[[ EXERCISE MATERIAL, beginning ]]

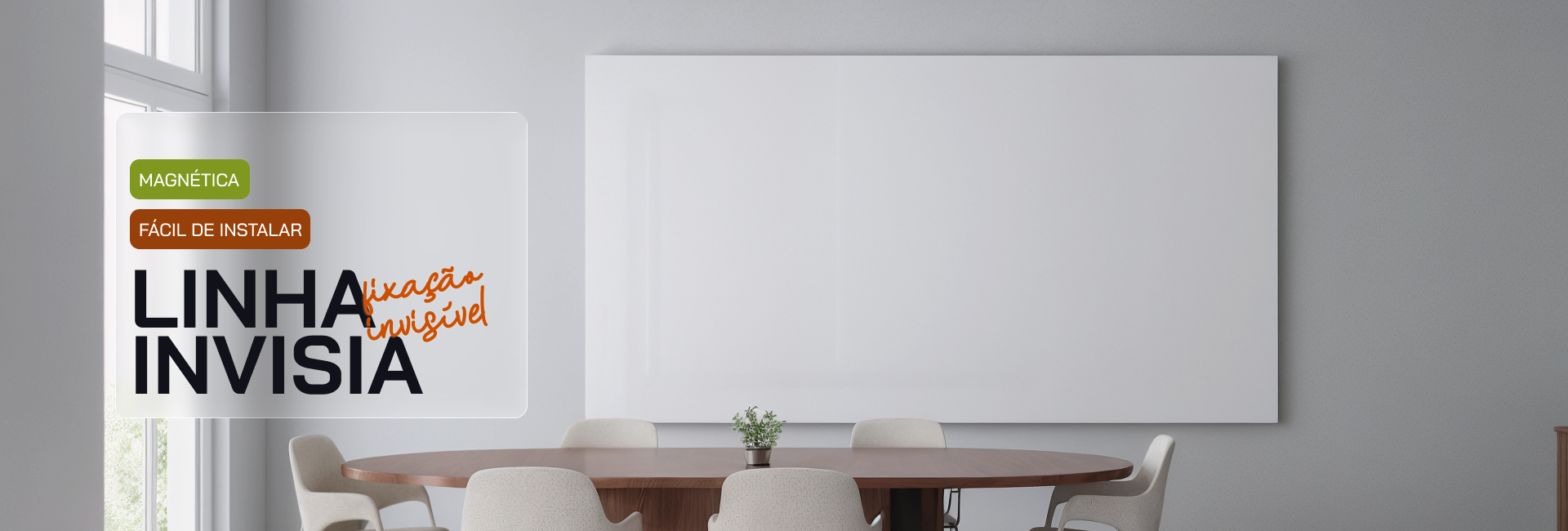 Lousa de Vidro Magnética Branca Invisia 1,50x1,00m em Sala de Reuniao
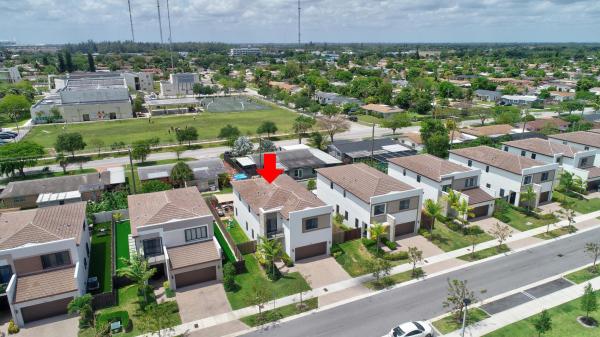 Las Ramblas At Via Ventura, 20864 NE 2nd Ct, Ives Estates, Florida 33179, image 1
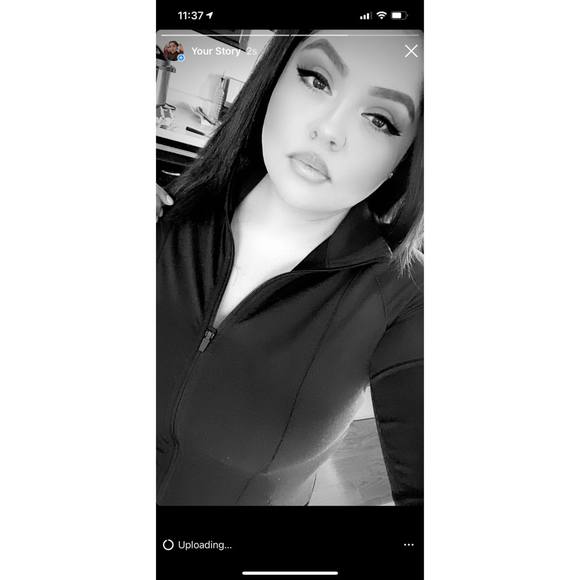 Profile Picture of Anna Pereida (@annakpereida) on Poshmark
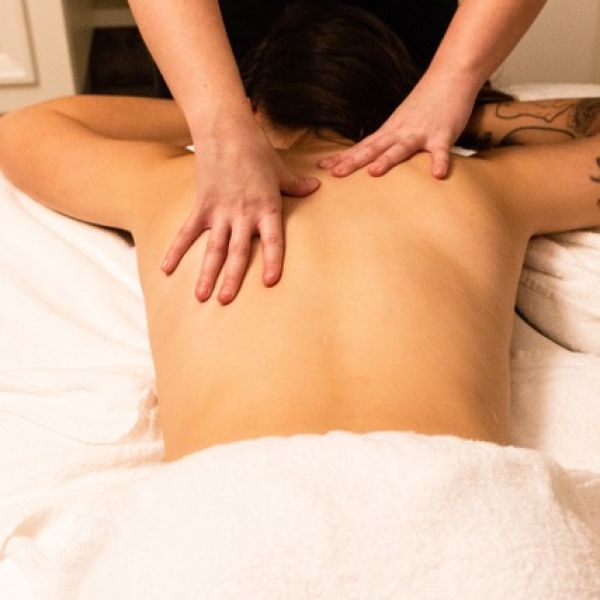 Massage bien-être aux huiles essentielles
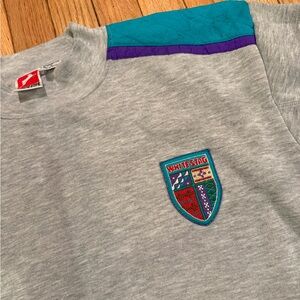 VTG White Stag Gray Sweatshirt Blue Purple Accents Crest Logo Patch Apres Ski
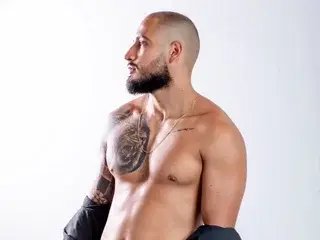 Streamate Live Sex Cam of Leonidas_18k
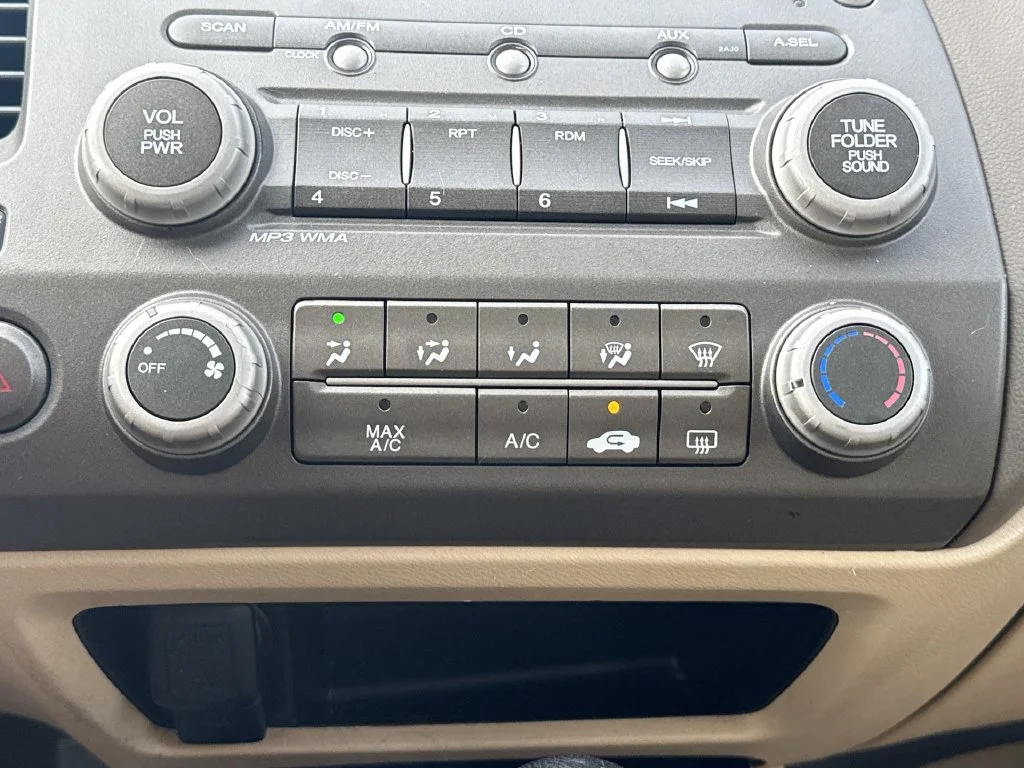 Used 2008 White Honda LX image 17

[[ EXERCISE MATERIAL, end ]]
[[ EXERCISE MATERIAL, beginning ]]

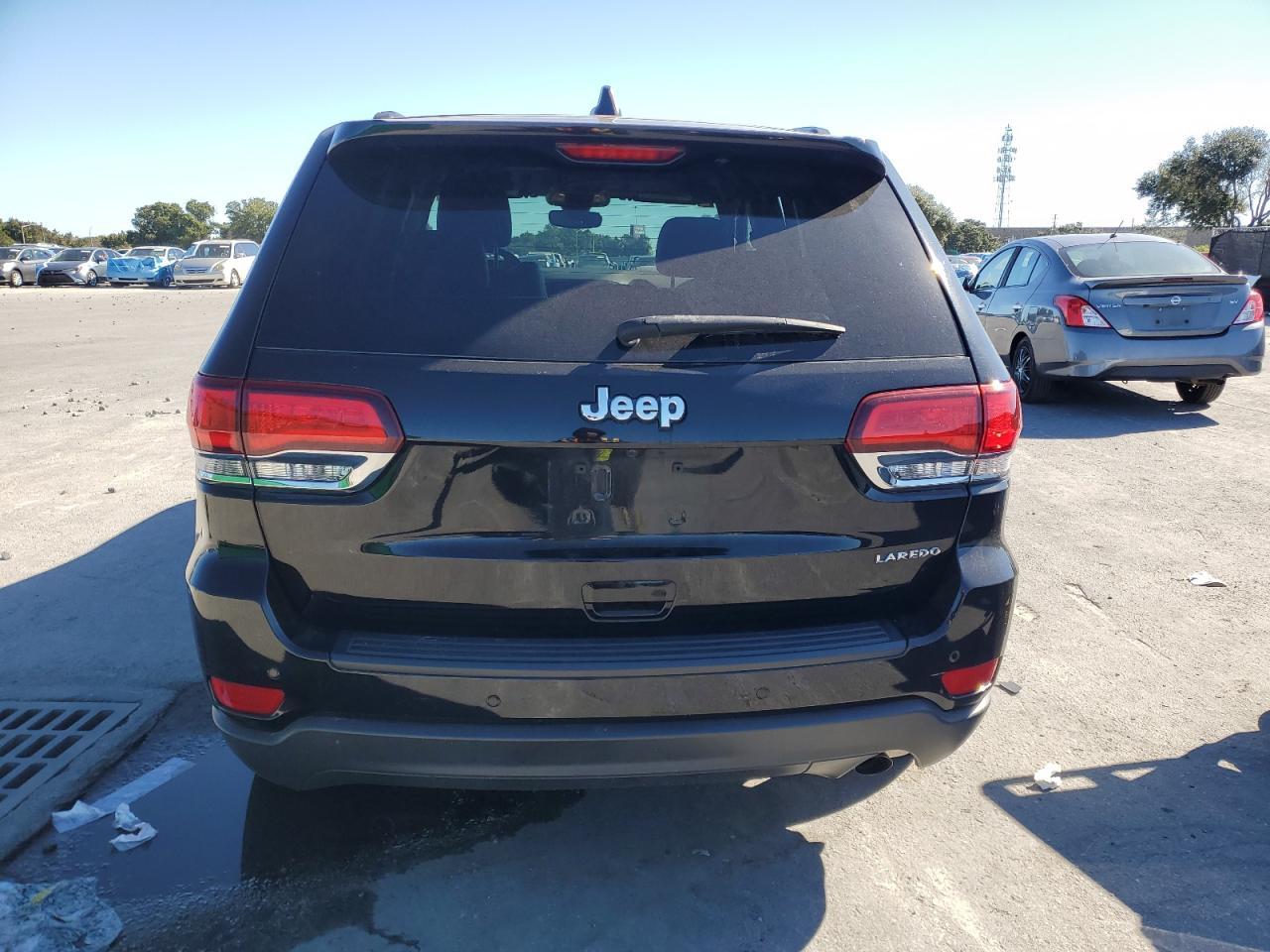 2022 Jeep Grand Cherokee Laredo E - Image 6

[[ EXERCISE MATERIAL, end ]]
[[ EXERCISE MATERIAL, beginning ]]

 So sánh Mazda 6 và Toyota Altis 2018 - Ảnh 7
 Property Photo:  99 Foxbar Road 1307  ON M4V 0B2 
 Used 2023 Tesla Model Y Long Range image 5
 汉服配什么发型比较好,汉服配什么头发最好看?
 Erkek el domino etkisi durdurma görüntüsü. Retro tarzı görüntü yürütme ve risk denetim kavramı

[[ EXERCISE MATERIAL, end ]]

▶ _PROBLEM DESCRIPTION_: Look above for the line with "VTG White Stag", then print it and each line after it down to and including the line with "Used 2008 White Honda LX image 17". Leave out the pictures and keep the wording exact.

▶ _ANSWER SPACE_:
 VTG White Stag Gray Sweatshirt Blue Purple Accents Crest Logo Patch Apres Ski
 Streamate Live Sex Cam of Leonidas_18k
 Used 2008 White Honda LX image 17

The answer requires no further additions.